Claire and her little friend, ykwd, are travelling in Shevchenko’s Park! The park is beautiful - but large, indeed. N feature spots in the park are connected by exactly (N-1) undirected paths, and Claire is too tired to visit all of them. After consideration, she decides to visit only K spots among them. She takes out a map of the park, and luckily, finds that there’re entrances at each feature spot! Claire wants to choose an entrance, and find a way of visit to minimize the distance she has to walk. For convenience, we can assume the length of all paths are 1.
Claire is too tired. Can you help her?
Input
An integer T(T≤20) will exist in the first line of input, indicating the number of test cases.
Each test case begins with two integers N and M(1≤N,M≤105), which respectively denotes the number of nodes and queries.
The following (N-1) lines, each with a pair of integers (u,v), describe the tree edges.
The following M lines, each with an integer K(1≤K≤N), describe the queries.
The nodes are labeled from 1 to N.
Output
For each query, output the minimum walking distance, one per line.
Sample Input
1
4 2
3 2
1 2
4 2
2
4
Sample Output
1
4
对于走遍每个树的点，我可以去找树上最长的链，这个链也叫树的直径，如果点上链的个数比直径要短，那么一直走最长链就可以了。
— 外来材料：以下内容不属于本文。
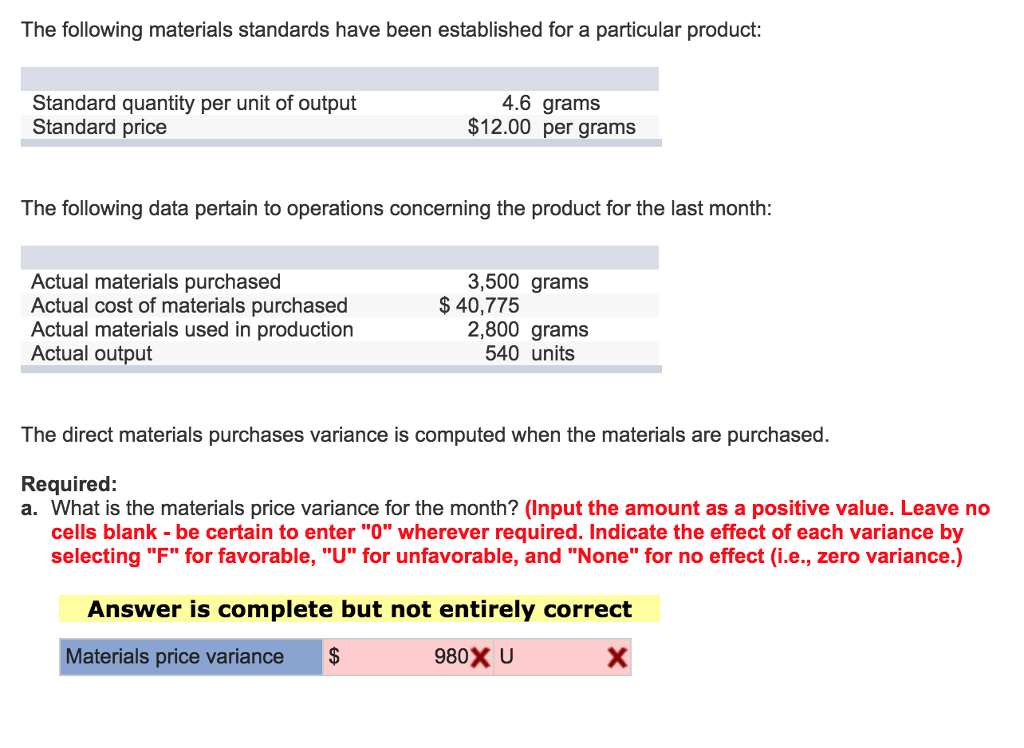 What is the materials price variance for the month? (Input the amount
但是如果链接点的链数要比最长连来得大，那么我可以在树上每个岔路口处，先把岔路的点跑完再原路返回到直径上来，增加了k-ans-1)*2次

这道题树的直径好像不能把每个点用数组去存，会MLE，只能存个最大的直径

#include <stdio.h>
#include <string.h>
#include <math.h>
#include <map>
#include <stack>
#include <set>
#include <queue>
#include <vector>
#include <iostream>
#include <algorithm>
#include <cstring>
#include <string>
#include <cstdio>
#define ls (p<<1)
#define rs (p<<1|1)
//#include<bits/stdc++.h>
using namespace std;
const int maxn=1e6+5;
bool father[maxn];
int dp[maxn],a[maxn];
struct edge{
    
    
    int ver,nex;
}e[maxn];
int head[maxn],tot,ans;
void addedge(int u,int v){
    
    
    e[++tot].ver=v;
    e[tot].nex=head[u];
    head[u]=tot;
}
void dfs(int u,int fa){
    
    
    for(int i=head[u];i;i=e[i].nex){
    
    
        int v=e[i].ver;
        if(v==fa) continue;
        dfs(v,u);
        ans=max(ans,dp[u]+dp[v]+1);
        dp[u]=max(dp[u],dp[v]+1);
    }
}
void solve(){
    
    
    int t;
    cin>>t;
    while(t--){
    
    
        memset(head,0,sizeof(head));
        memset(dp,0,sizeof(dp));
        tot=0;
        int m,n;
        cin>>m>>n;
        for(int i=1;i<m;i++){
    
    
            int a,b;
            cin>>a>>b;
            addedge(a,b);
            addedge(b,a);
        }
        ans=0;
        dfs(1,1);
        for(int i=1;i<=n;i++){
    
    
            int k; 
            cin>>k;
            if(k<=ans+1)
                cout<<k-1<<endl;
            else
                cout<<ans+(k-ans-1)*2<<endl;
        }
    }
}
int main()
{
    
    
    ios::sync_with_stdio(false),cin.tie(0),cout.tie(0);
    solve();
    return 0;
}